Bench Memos

Washington Post Article on Kagan and Solomon Amendment—Part 2

As promised in my Part 1 post, let me explain why I find today’s Washington Post article—“Kagan pursued two paths on ‘don’t ask’ at Harvard”—far more damning of Kagan and her defenders than of Kagan’s critics:

1.  Here’s the article’s primary narrative:  “Kagan was pursuing two courses at once: While staking out a tough stance against the recruiting, because of the military’s ban on gay men and lesbians serving openly, she simultaneously maneuvered to facilitate it behind the scenes.” 

In other words, as I’ve expressly assumed to be the case (see, e.g., point 2 here) Kagan wasn’t acting on the basis of a subjective animus against the military.  Rather, just as I’ve contended, she evidently didn’t believe her own extremist rhetoric about Don’t Ask, Don’t Tell— “a profound wrong—a moral injustice of the first order”—and was instead engaging in cheap moral posturing.

Cheap to her, that is.  Symbols matter.  Kagan elevated her own ideological commitment on gay rights above what Congress, acting on the advice of military leaders, had determined best served the interests of national security.  At a time of war, in the face of the grand civilizational challenge that radical Islam poses, Kagan treated military recruiters worse than she treated the high-powered law firms that were donating their expensive legal services to anti-American terrorists.  That symbolic message from a dean of one of the nation’s leading law schools isn’t trivial, and I agree with Peter Beinart, the liberal former editor of the New Republic, that it amounted, as an objective matter, to “a statement of national estrangement,” of Kagan’s “alienating [her]self from the country.” 

2.  Kagan’s defenders (see point 3 here) have sought to obscure how inferior the treatment of military recruiters was when Kagan booted them out of the law school’s jobs office.  Consistent with my account, here’s what the Post’s article states about the role of the student veterans association:

In the end, the club decided its members would welcome questions from students considering military careers but would not do more. “We took the request in good faith and, at the end of the day, thought, ‘Hey, the military has its own recruiters,’ ” the former leader said.

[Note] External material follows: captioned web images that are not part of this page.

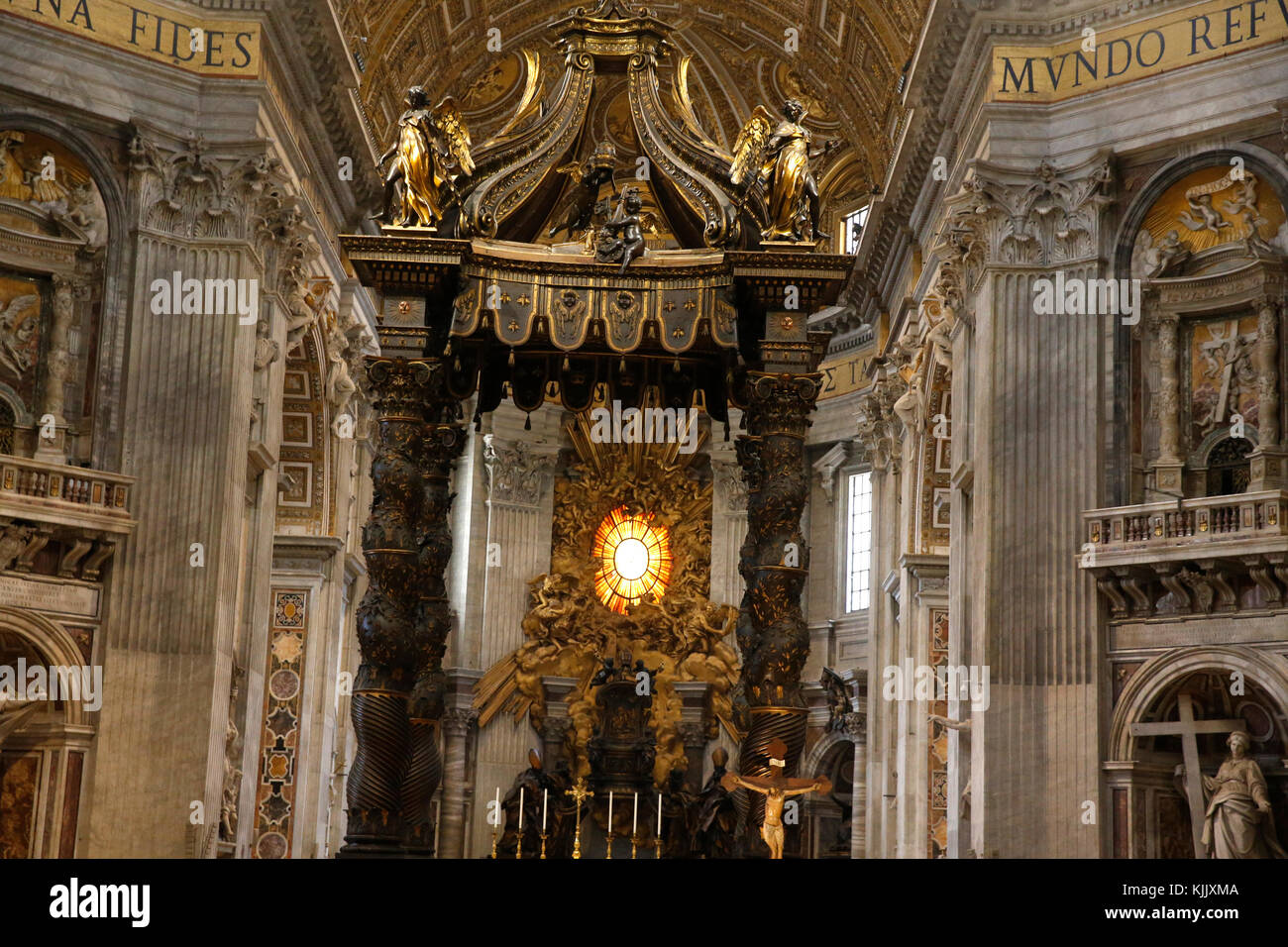 St Peter's basilica chancel, Rome Italy. Stock Photo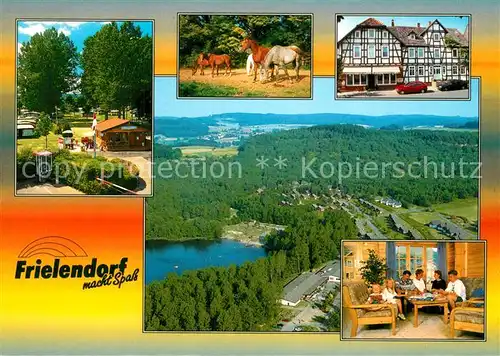 AK / Ansichtskarte Frielendorf Ferienpark am Silbersee Fachwerkhaus Campingplatz Pferde Fliegeraufnahme Frielendorf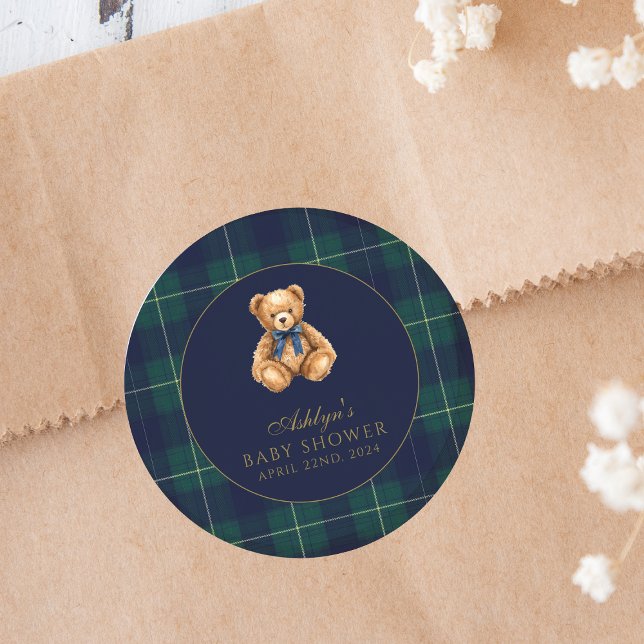 Vintage Polo Teddy Bear Baby Shower Round Sticker (Creator Uploaded)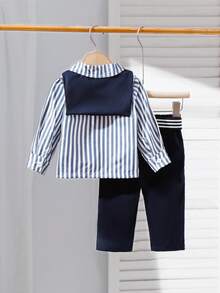 Souflis Souflis Baby Boy Outfit: Striped Stylish Shirt + Black Suit Pants - Royal Blue - View 2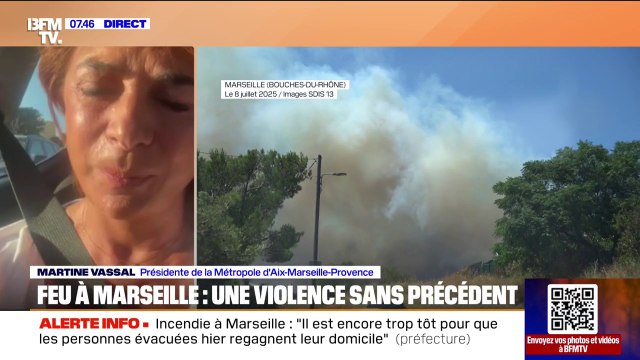 Incendie à Marseille: Ce n'est pas terminé, les conditions météo nous inquiètent , indique Marine Vassal (présidente de la Métropole Aix-Marseille-Provence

The article does assert that “Kagan’s decision [to boot military recruiters from the jobs office] had no impact on the number of people entering the military”:  

In that spring of 2005, five graduates joined, more than any other year of the decade, according to Mark Weber, assistant dean for career services.

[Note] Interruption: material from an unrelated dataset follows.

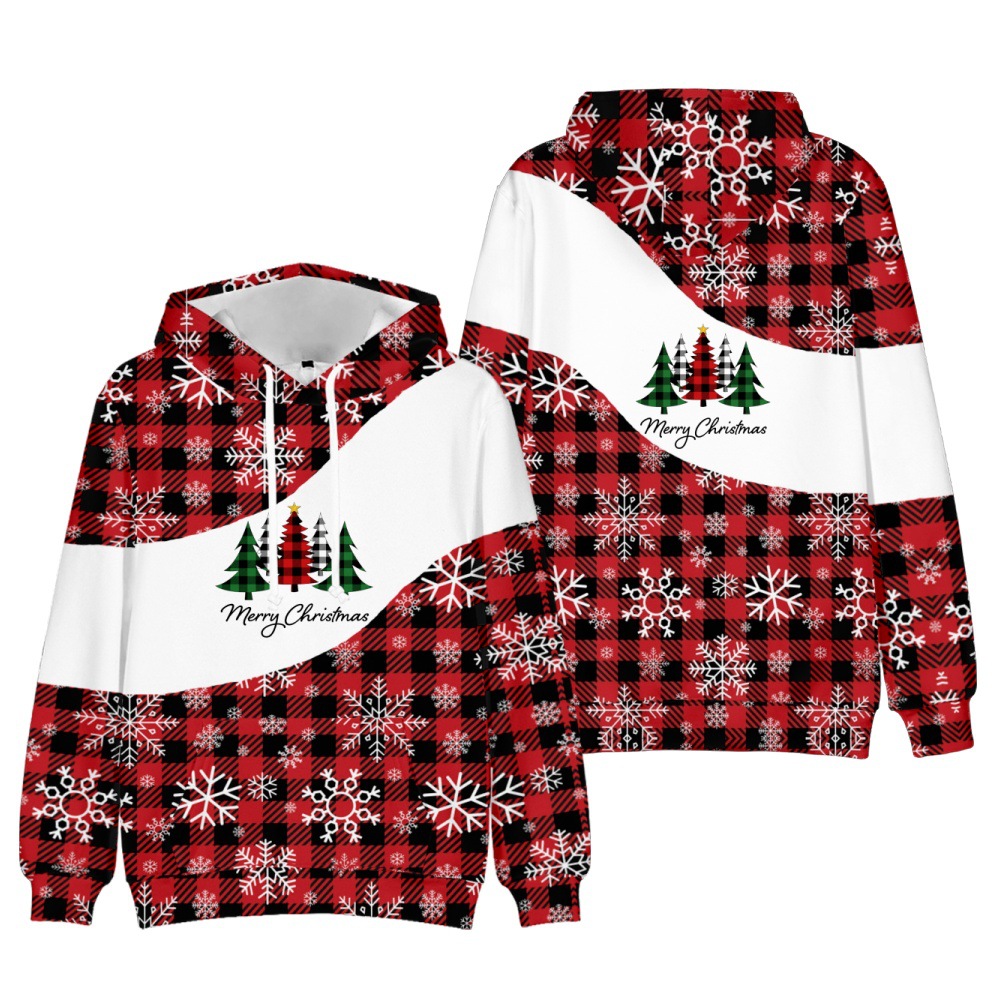 Men's Clothing Autumn and Winter Christmas Hoodies Christmas Tree Men's and Women's Pullover Clothes Wholesale_voghion.com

Set aside the fact that it’s impossible to know whether more graduates would have joined the military if Kagan hadn’t kicked the recruiters out of the jobs office.  The more relevant question is whether more graduates would have joined the military if Kagan also hadn’t engaged in her strident and extremist rhetoric against Don’t Ask, Don’t Tell.  It’s of course impossible to say for certain, but do you think that any law firms recruiting on campus would think that their recruiting efforts were unimpaired if Kagan had vociferously condemned them for engaging in “a profound wrong—a moral injustice of the first order”? 

It’s also not usually the case that we excuse wrongful and illegal conduct on the ground that it might not have had any material effect.  We wouldn’t rush to say, for example, of a company that engaged in racial discrimination in hiring during one year:  “The racial discrimination had no impact on the number of racial minorities that joined the company, as the number was higher than for any other year.”

3.  The article reveals that Kagan may have been the only [update:  or perhaps the article means the first?] law school dean who used the Third Circuit’s ruling as an excuse to discriminate against military recruiters (for background, see my point 2 here):

Boston College law professor Kent Greenfield, who founded the law school coalition, which ultimately lost its case at the Supreme Court, said he thinks that Harvard was the only school that stopped welcoming recruiters right after the 3rd Circuit ruling, although no one kept complete track.